How many break points do we get for a range of values of breaks? Let's try 2 breaks up to 20 breaks.

sapply(2:20, function(n) 
    length(hist(mtcars$mpg, n, plot=FALSE)$breaks))
 [1]  4  4  6  6  6  6  6 13 13 13 13 13 13 13 13 25 25 25 25

Note again: 4 break points means 3 bins. 6 break points means 5 bins. There are only four different splits that are created. What are they?

unique(lapply(2:20, function(n) hist(mtcars$mpg, n, plot=FALSE)$breaks))
[[1]]
[1] 10 20 30 40
[[2]]
[1] 10 15 20 25 30 35
[[3]]
 [1] 10 12 14 16 18 20 22 24 26 28 30 32 34
[[4]]
 [1] 10 11 12 13 14 15 16 17 18 19 20 21 22 23 24 25 26 27 28 29 30 31 32 33 34

The boundaries change by 10, 5 2 or 1 - pretty boundaries.

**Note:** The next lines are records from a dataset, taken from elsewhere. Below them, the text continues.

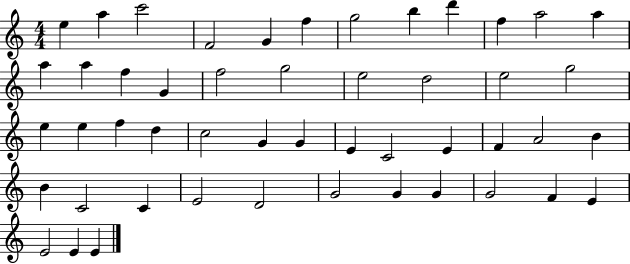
X:1
T:Untitled
M:4/4
L:1/4
K:C
e a c'2 F2 G f g2 b d' f a2 a a a f G f2 g2 e2 d2 e2 g2 e e f d c2 G G E C2 E F A2 B B C2 C E2 D2 G2 G G G2 F E E2 E E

If you want to have more control, you need to be able to specify where you want the boundaries. That is what I did in the example above. One of the other options for specifying breaks is:

a vector giving the breakpoints between histogram cells

That is what I used when I specified seq(10,35, length.out=5). But notice the values:

seq(10,35, length.out=5)
[1] 10.00 16.25 22.50 28.75 35.00

Not pretty.

So you can have it easy and pretty, but without good control over the number of bins OR you can have control over the number of bins at the cost of more work and uglier boundaries.